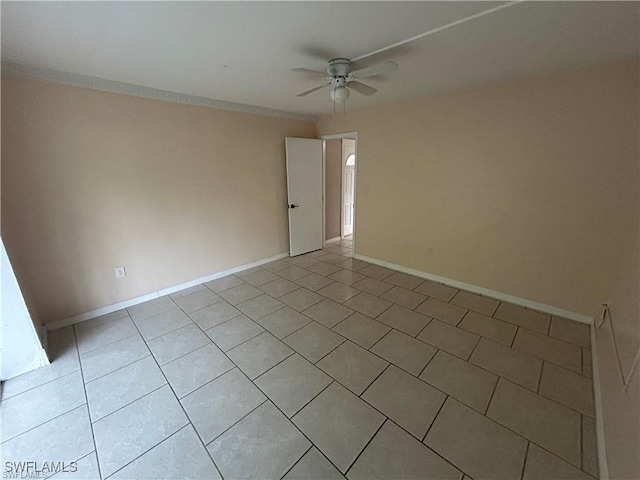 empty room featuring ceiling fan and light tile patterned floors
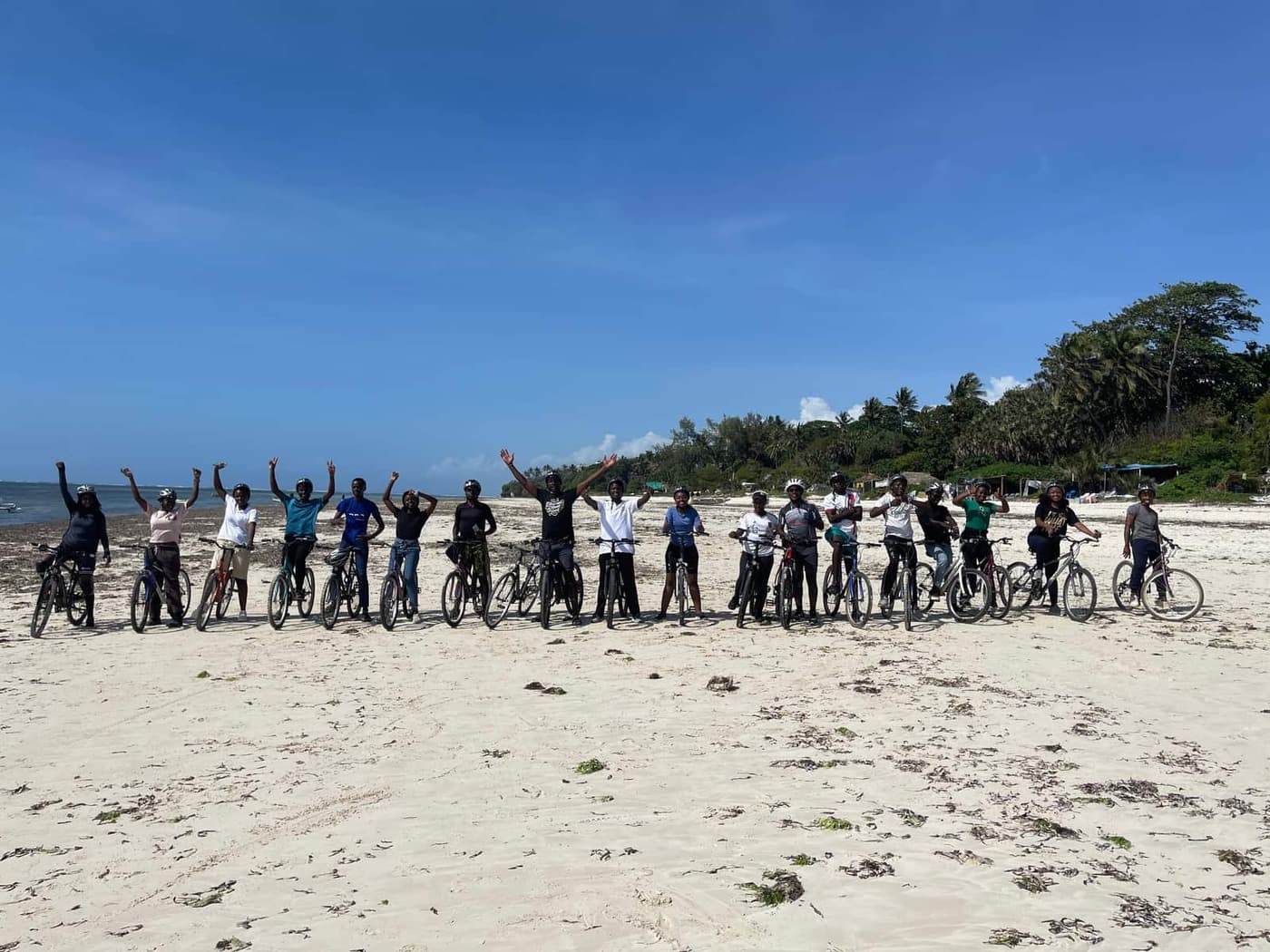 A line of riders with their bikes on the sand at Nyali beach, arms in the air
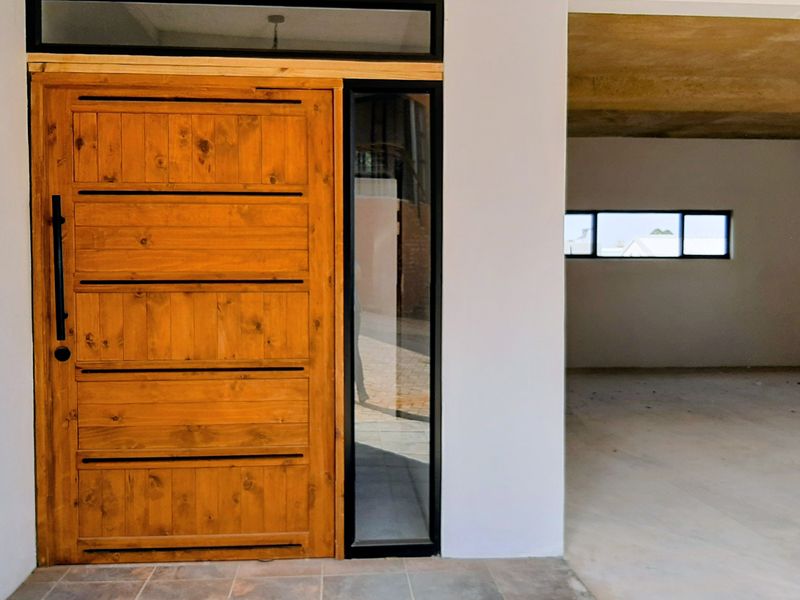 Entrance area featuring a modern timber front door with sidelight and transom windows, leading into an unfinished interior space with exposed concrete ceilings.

> **Exercise objective**: Without the pictures, repeat the listing exactly as it reads.

> **Solution below**:
 empty room featuring ceiling fan and light tile patterned floors
 A line of riders with their bikes on the sand at Nyali beach, arms in the air
 Entrance area featuring a modern timber front door with sidelight and transom windows, leading into an unfinished interior space with exposed concrete ceilings.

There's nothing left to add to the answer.